### Task statement:
In the records below, repeat word for word only the lines starting at the one that contains "Wiceminister sprawiedliwości u" and ending at the one that contains "Mystic CLOVER MINI", pictures excluded.
BEGIN Provided material
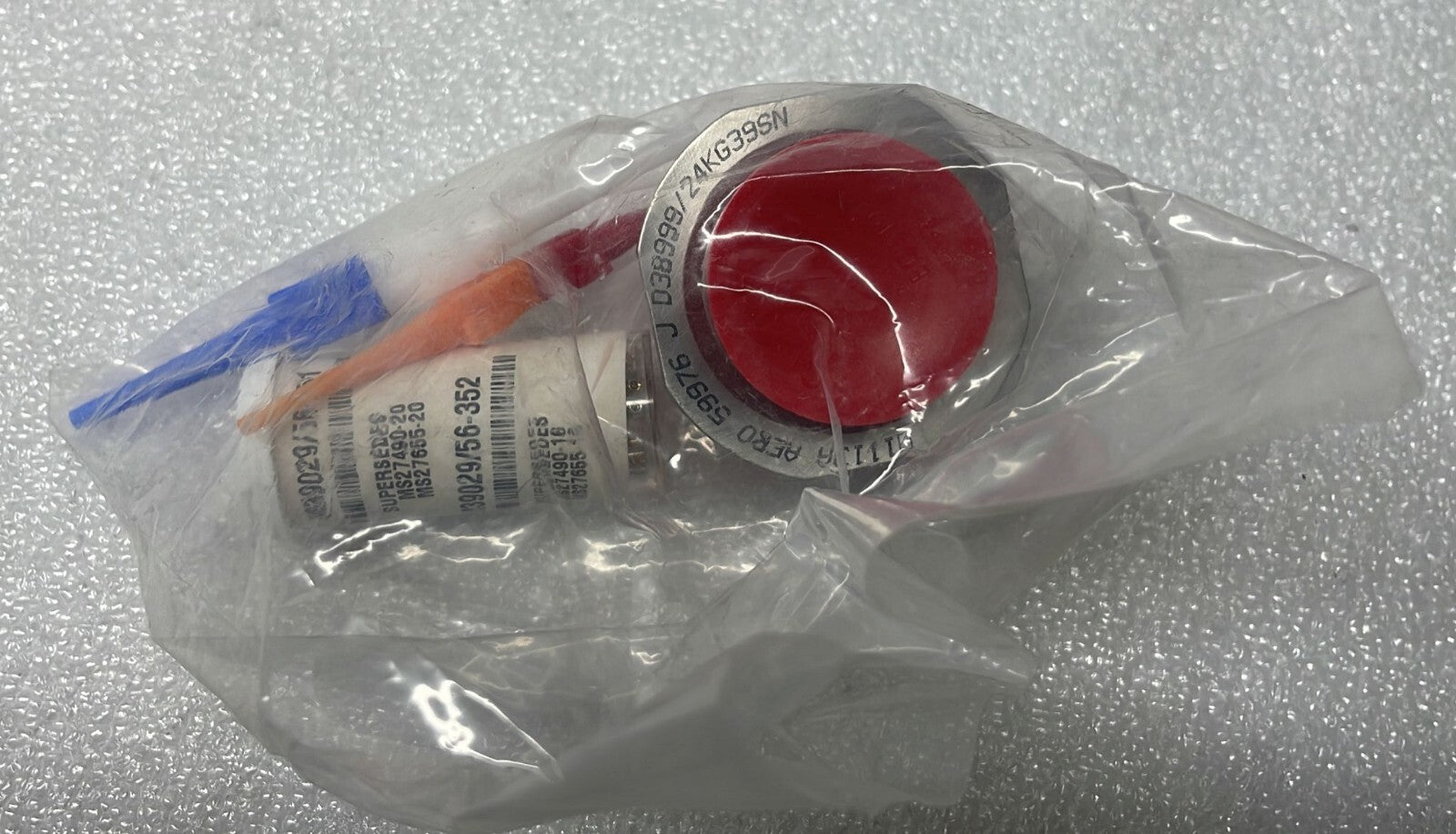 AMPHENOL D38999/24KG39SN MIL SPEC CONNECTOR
END Provided material
BEGIN Provided material
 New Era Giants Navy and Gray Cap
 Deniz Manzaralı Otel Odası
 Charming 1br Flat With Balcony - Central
END Provided material
BEGIN Provided material
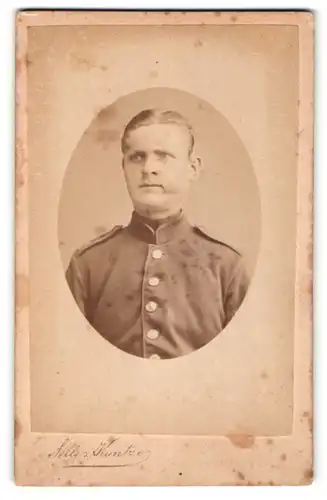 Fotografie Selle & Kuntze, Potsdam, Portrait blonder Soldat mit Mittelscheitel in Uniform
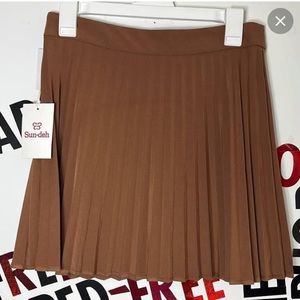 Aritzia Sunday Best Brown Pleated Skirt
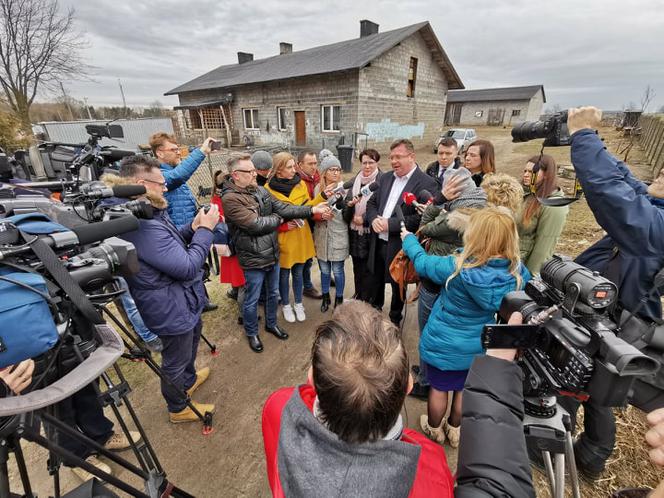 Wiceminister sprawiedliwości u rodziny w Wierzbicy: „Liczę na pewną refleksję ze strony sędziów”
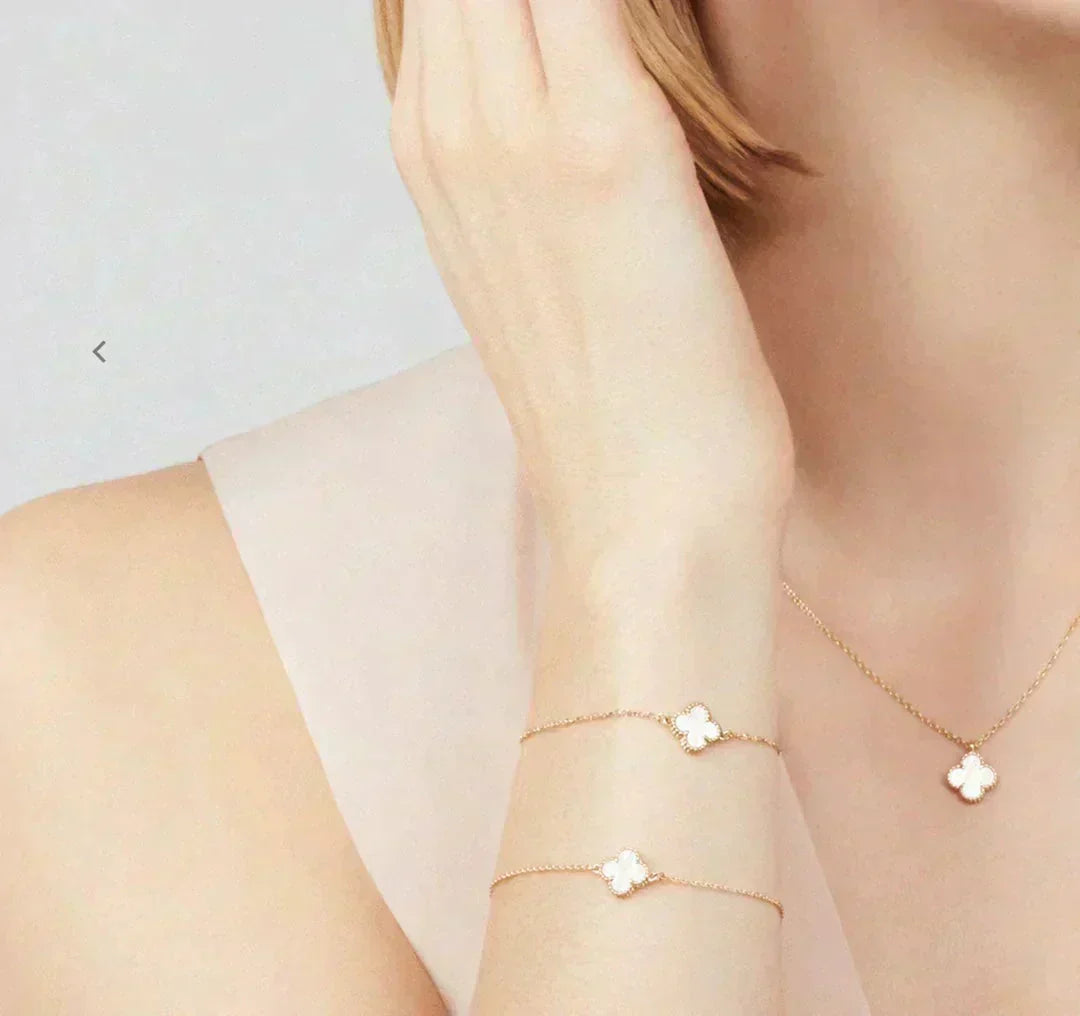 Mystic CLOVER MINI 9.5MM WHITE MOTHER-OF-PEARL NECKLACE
END Provided material
### Solution for this problem:
 Wiceminister sprawiedliwości u rodziny w Wierzbicy: „Liczę na pewną refleksję ze strony sędziów”
 Mystic CLOVER MINI 9.5MM WHITE MOTHER-OF-PEARL NECKLACE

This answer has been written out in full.